And please stop using Windows to do that.
While I agree that some Linux/Unix benchmarks should be present, the inclusion of gaming benchmarks helps not only pro-sumers, but game developers as well. It'll let them know how the CPU handles certain game engines, and whether or not they should waste tons of money on upgrading their dev teams systems.
Re: I used to build systems for Bioware... -
PaulAlcorn Ful4n1t0c0sme said:Games benchmarks on a non gamer CPU. There is no sense. Please do compiling benchmarks and other stuff that make sense.
And please stop using Windows to do that.
Intel markets these chips at gamers, so we check the goods.
9 game benchmarks
28 workstation-focused benchmarks
40 consumer-class application tests
boost testing
power/thermal testing, including efficiency metrics
overclocking testing/data. I'm happy with that mix. -
Disclaimer: I badly want to dump Intel and go AMD. But are the conditions right?Reply
The AMD 3950X has 16 PCIe lanes, right? So for those of us who have multiple adapters such as RAID cards, USB or SATA port adapters, 10G NICs, etc, HEDT is the only way to go.
Someone once told me "No one in the world needs more than 16PCIe lanes, that's why mainstream CPUs have never gone over 16 lanes". If that were true the HEDT CPUs would not exist.
So we can say the 3950X destroys the Intel HEDT lineup, but only if you don't have anything other than ONE graphics card. As soon as you add other devices, you're blown.
The 3970X is $3199 where I am. That will drop by $100 by 2021.
The power consumption of 280w will cost me an extra $217 per year per PC. There are 3 HEDT PCs, so an extra $651 per year.
AMD: 1 PC @ 280w for 12 hours per day for 365 days at 43c per kilowatt hour = $527.74
Intel: 1 PC @ 165w for 12 hours per day for 365 days at 43c per kilowatt hour = $310.76
My 7900X is overclocked to 4.5GHZ all cores. Can I do that with any AMD HEDT CPU?
In summer the ambient temp here is 38 - 40 degrees Celsius. With a 280mm cooler and 11 case fans my system runs 10 degrees over ambient on idle, so 50c is not uncommon during the afternoons on idle. Put the system under load it easily sits at 80c and is very loud.
With a 280w CPU, how can I cool that? The article says that "Intel still can't deal with heat". Errr... Isn't 280w going to produce more heat than 165w. And isn't 165w much easier to cool? Am I missing something?

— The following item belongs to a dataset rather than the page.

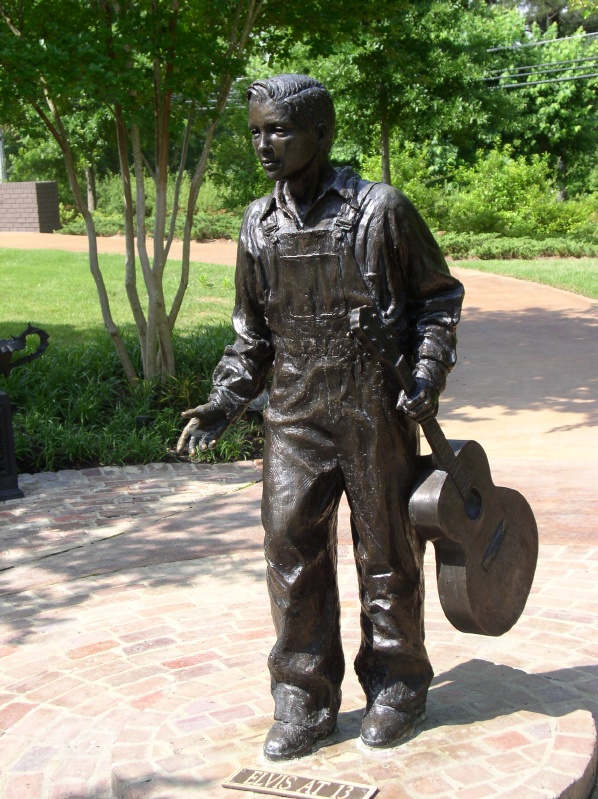 Statue of Elvis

I'm going to have to replace motherboard and RAM too. That's another $2000 - $3000. With Intel my current memory will work and a new motherboard will set me back $900.
Like I said, I really want to go AMD, but I think the heat, energy and changeover costs are going to be prohibitive. PCIe4 is a big draw for AMD as it means I don't have to replace again when Intel finally gets with the program, but the other factors I fear are just too overwhelming to make AMD viable at this stage.
Darn it Intel is way cheaper when looked at from this perspective. -
redgarl Ful4n1t0c0sme said:Games benchmarks on a non gamer CPU. There is no sense. Please do compiling benchmarks and other stuff that make sense.
And please stop using Windows to do that.
It's over pal... done, there is not even a single way to look at it the bright way, the 3950x is making the whole Intel HEDT offering a joke.
I would have give this chip a 2 stars, but we know toms and their double standards. The only time they cannot do it is when the data is just plain dead impossible to contest... like Anandtech described, it is a bloodbath.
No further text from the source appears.